[Saved data entries]
Start of Block

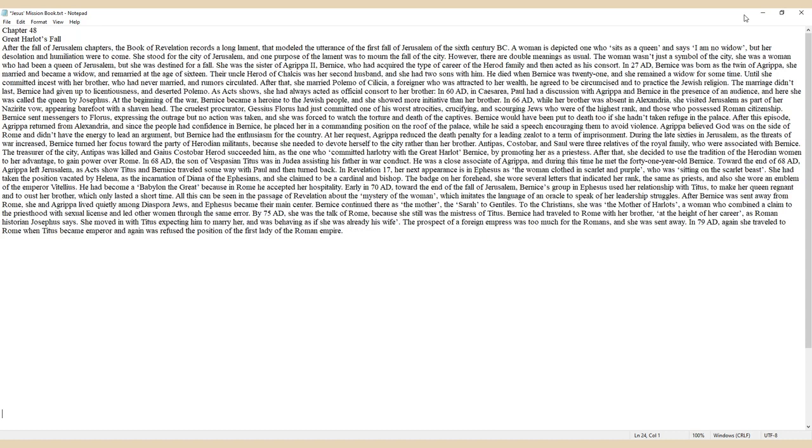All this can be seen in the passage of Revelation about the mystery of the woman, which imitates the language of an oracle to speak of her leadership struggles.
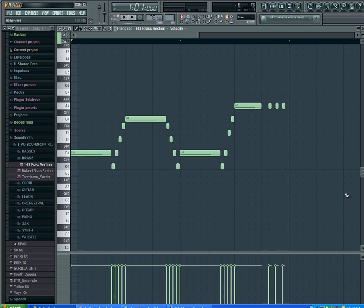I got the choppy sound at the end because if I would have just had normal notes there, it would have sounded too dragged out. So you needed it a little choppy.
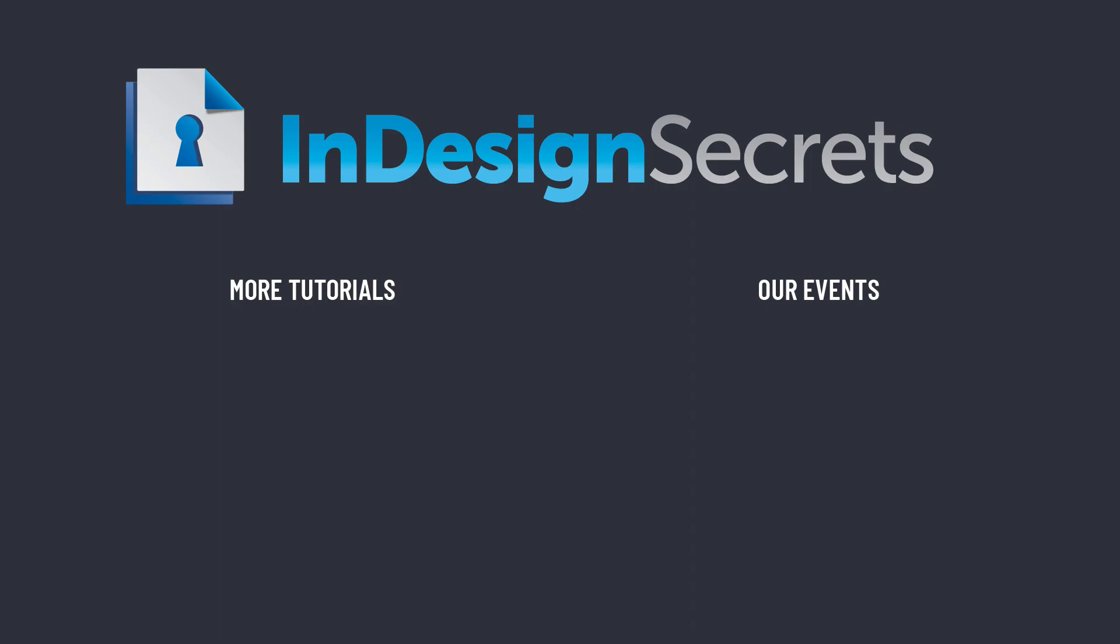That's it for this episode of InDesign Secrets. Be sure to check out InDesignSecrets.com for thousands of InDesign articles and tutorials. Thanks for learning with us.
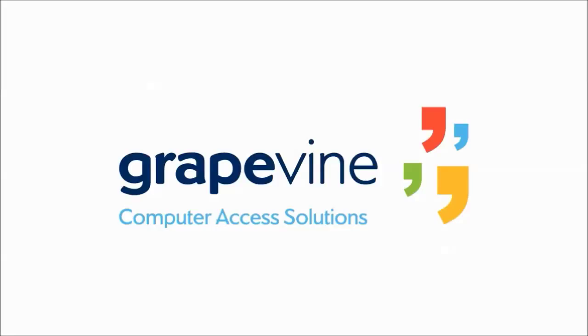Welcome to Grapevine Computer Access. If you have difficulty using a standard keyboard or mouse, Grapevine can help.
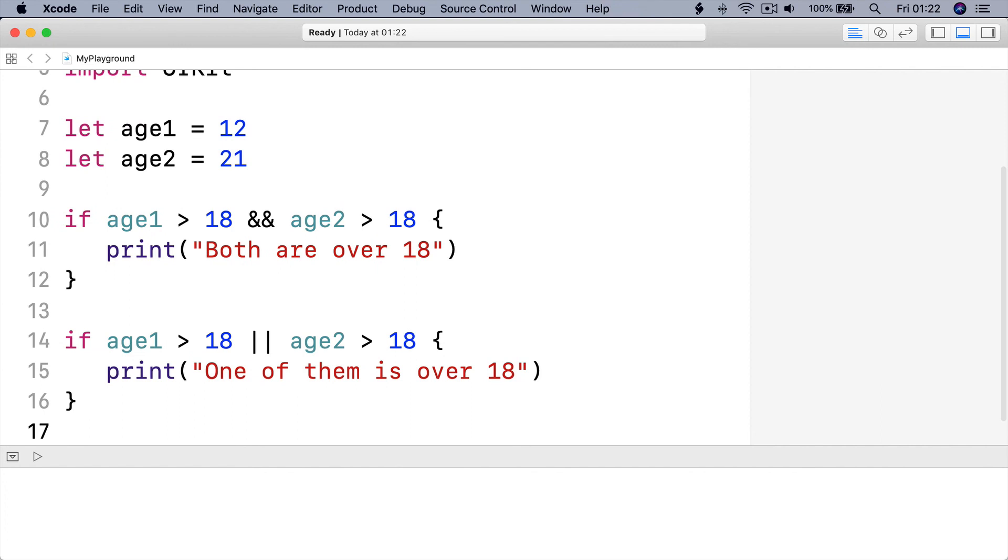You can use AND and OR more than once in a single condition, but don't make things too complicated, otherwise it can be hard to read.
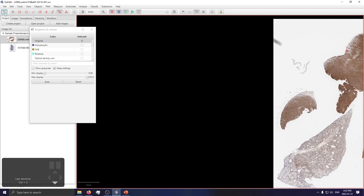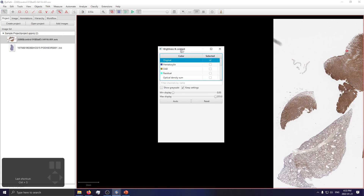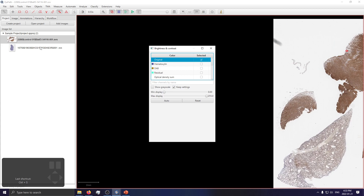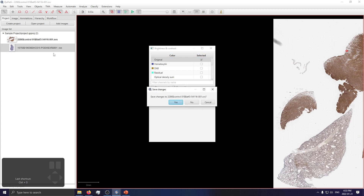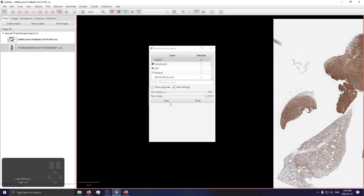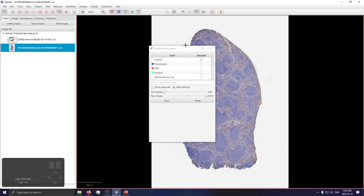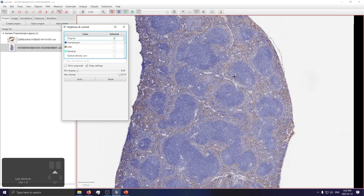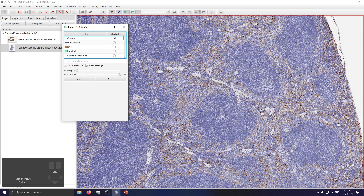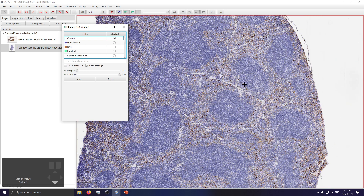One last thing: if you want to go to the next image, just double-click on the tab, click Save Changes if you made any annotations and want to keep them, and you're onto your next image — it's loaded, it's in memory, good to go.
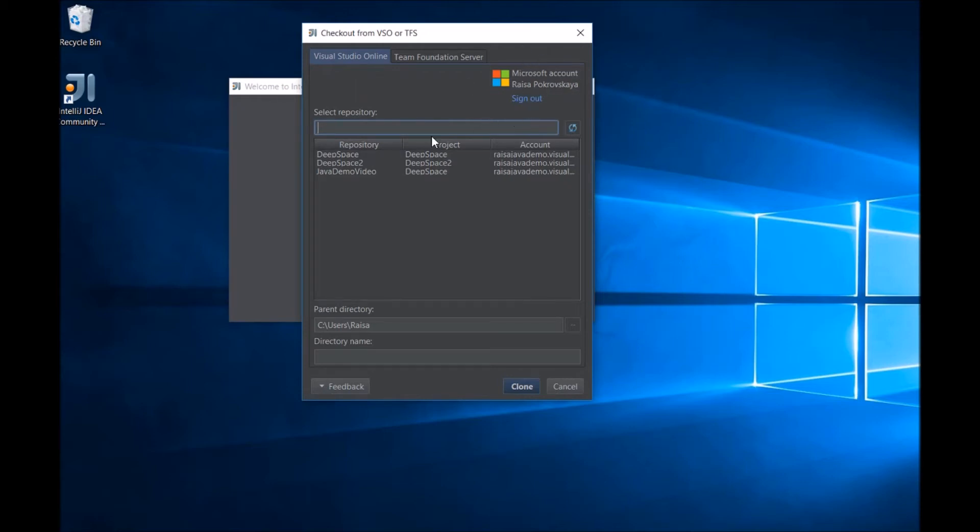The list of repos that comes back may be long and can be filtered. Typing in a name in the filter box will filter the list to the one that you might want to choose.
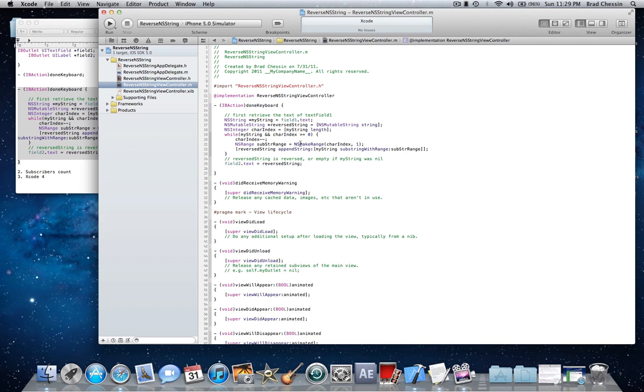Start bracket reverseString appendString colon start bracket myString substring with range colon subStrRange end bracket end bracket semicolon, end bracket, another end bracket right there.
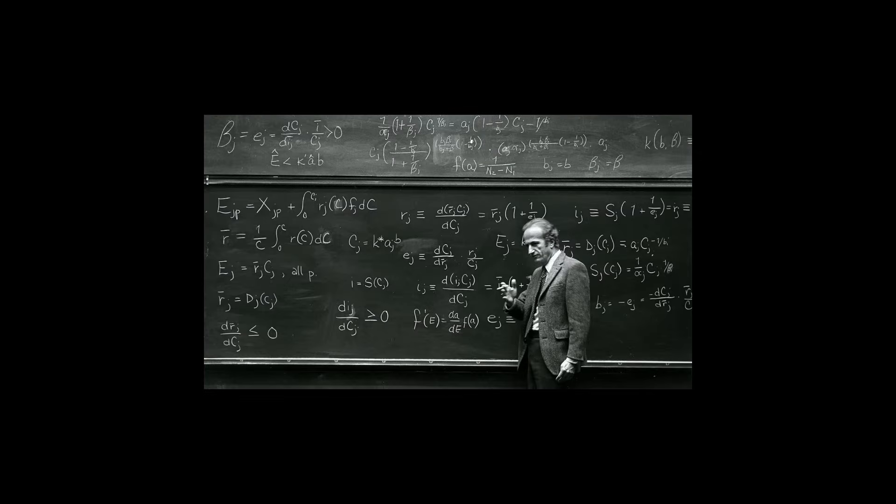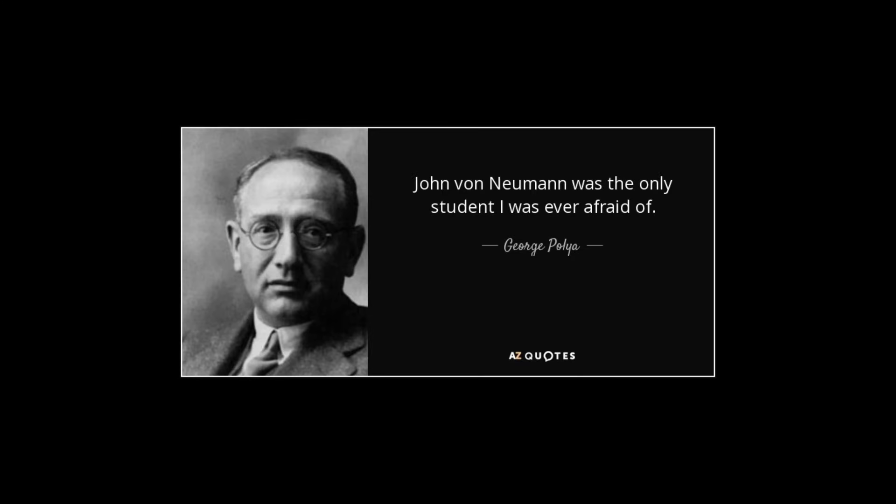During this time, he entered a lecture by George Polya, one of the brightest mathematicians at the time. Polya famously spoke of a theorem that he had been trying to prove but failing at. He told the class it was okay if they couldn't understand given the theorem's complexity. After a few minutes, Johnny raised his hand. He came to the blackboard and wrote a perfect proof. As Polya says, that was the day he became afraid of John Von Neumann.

End of Block

** YOUR INSTRUCTIONS **
Before answering, find the line with "One last thing: if" in the records above; then reproduce exactly each line from the first through that line, leaving out pictures.

** ANSWER **
All this can be seen in the passage of Revelation about the mystery of the woman, which imitates the language of an oracle to speak of her leadership struggles.
I got the choppy sound at the end because if I would have just had normal notes there, it would have sounded too dragged out. So you needed it a little choppy.
That's it for this episode of InDesign Secrets. Be sure to check out InDesignSecrets.com for thousands of InDesign articles and tutorials. Thanks for learning with us.
Welcome to Grapevine Computer Access. If you have difficulty using a standard keyboard or mouse, Grapevine can help.
You can use AND and OR more than once in a single condition, but don't make things too complicated, otherwise it can be hard to read.
One last thing: if you want to go to the next image, just double-click on the tab, click Save Changes if you made any annotations and want to keep them, and you're onto your next image — it's loaded, it's in memory, good to go.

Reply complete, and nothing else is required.